[Start of Attachment]
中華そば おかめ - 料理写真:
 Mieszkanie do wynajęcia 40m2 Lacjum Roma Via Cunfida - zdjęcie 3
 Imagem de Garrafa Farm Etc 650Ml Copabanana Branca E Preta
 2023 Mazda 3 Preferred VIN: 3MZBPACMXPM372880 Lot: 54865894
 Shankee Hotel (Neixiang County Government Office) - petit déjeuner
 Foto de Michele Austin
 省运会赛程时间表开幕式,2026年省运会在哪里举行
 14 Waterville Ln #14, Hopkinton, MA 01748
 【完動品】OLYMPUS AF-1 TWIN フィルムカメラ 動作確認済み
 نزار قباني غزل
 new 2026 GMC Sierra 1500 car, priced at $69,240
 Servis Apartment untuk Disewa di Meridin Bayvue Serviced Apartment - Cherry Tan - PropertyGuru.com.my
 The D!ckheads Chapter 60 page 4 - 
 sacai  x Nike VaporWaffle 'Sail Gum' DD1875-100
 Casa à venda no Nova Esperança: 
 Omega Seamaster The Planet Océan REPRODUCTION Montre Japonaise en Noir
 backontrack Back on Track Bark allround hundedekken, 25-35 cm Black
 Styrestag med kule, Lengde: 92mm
[End of Attachment]
**What this task involves:**
Copy every record exactly as presented.

**Solution to this task:**
中華そば おかめ - 料理写真:
 Mieszkanie do wynajęcia 40m2 Lacjum Roma Via Cunfida - zdjęcie 3
 Imagem de Garrafa Farm Etc 650Ml Copabanana Branca E Preta
 2023 Mazda 3 Preferred VIN: 3MZBPACMXPM372880 Lot: 54865894
 Shankee Hotel (Neixiang County Government Office) - petit déjeuner
 Foto de Michele Austin
 省运会赛程时间表开幕式,2026年省运会在哪里举行
 14 Waterville Ln #14, Hopkinton, MA 01748
 【完動品】OLYMPUS AF-1 TWIN フィルムカメラ 動作確認済み
 نزار قباني غزل
 new 2026 GMC Sierra 1500 car, priced at $69,240
 Servis Apartment untuk Disewa di Meridin Bayvue Serviced Apartment - Cherry Tan - PropertyGuru.com.my
 The D!ckheads Chapter 60 page 4 - 
 sacai  x Nike VaporWaffle 'Sail Gum' DD1875-100
 Casa à venda no Nova Esperança: 
 Omega Seamaster The Planet Océan REPRODUCTION Montre Japonaise en Noir
 backontrack Back on Track Bark allround hundedekken, 25-35 cm Black
 Styrestag med kule, Lengde: 92mm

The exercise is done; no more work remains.